The last two years we have measured a low DO of .8PPM. Measurements have been taken in different spots over the last two years and found the same number. In December 2019 I measured 1.5PPM maybe 30 yards away from diffuser plume. In February 2020 my buddy measured .8PPM. DO below 5.0PPM is stressful for trout. Lethal DO levels for trout is supposedly somewhere between 2.0PPM to 3.0PPM. He also measured .8PPM in Winter 2018/2019. So I am totally confused how my fish are surviving such low DO conditions for an extended period of time. My water temps during these times are 32.5F to 33F.

So, basically everyone on this forum is smarter than me so I'd love to hear some input!

THEORIES:

1. My meter is inaccurate and showing lower than actual.
I am using a YSI Pro ODO DO meter to take measurements. Supposedly as good as they come. A couple things make me doubt meter inaccuracy. We have recorded .8PPM in different years as the low of the year. On 05.23.2020 my buddy recorded DO of 9.2PPM. If the meter was low by 2 PPM or so that would mean my DO currently is over 11PPM. I do not even think 11PPM is possible at 10,000' elevation.

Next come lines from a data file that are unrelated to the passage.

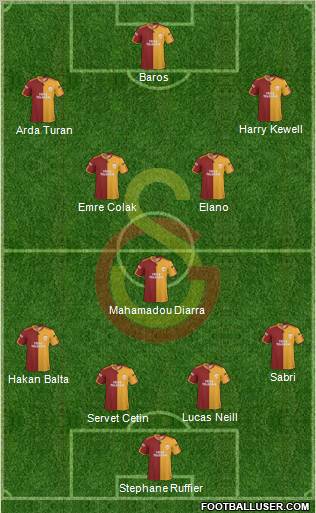 Galatasaray SK Formation 2010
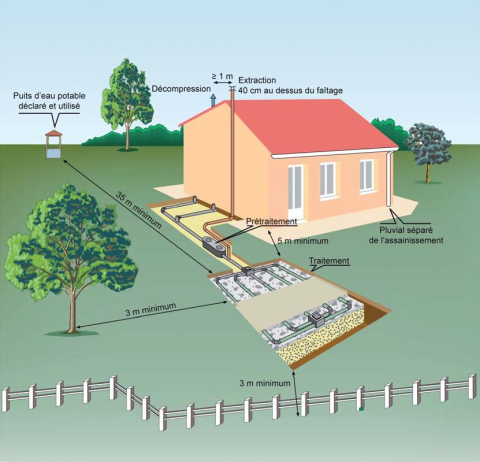 Spanc Contraintes limites CCBJC Joinville
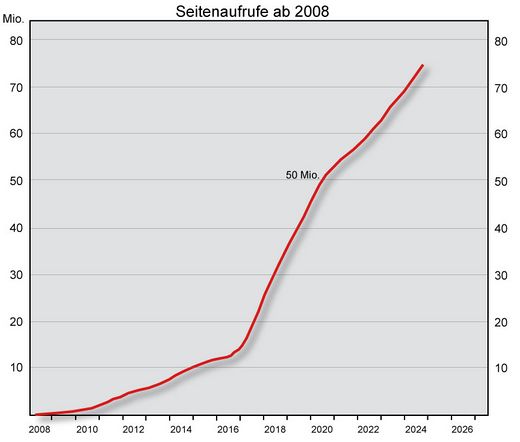 Seitenaufrufe 2008 bis 2024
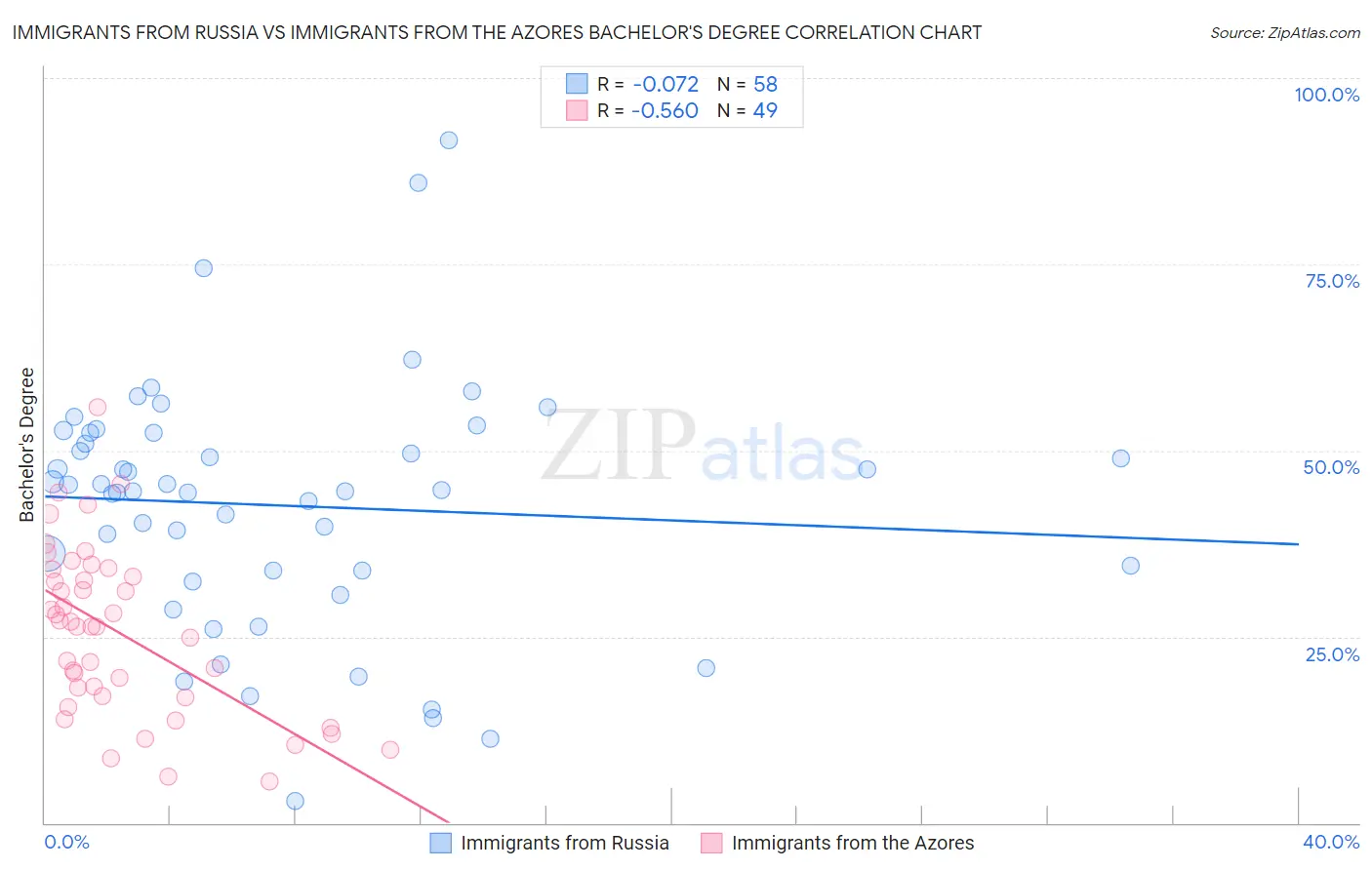 Immigrants from Russia vs Immigrants from the Azores Bachelor's Degree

2. Trout are surviving in the diffuser plume.
It has been posted that in near freezing water a diffuser can affect water 200' away. There is some stuff on Youtube (from a guy in MN) that shows under ice water movement from a single diffuser even farther away than that. This year I measured 1.5PPM 60' or so away from a quad plume and got 1.5PPM. Seems unlikely to me that 30' closer to the plume would have led to DO over 3.0PPM. Also seems unlikely to me that the trout would double in size when confined to living in a 30' circle over the plume.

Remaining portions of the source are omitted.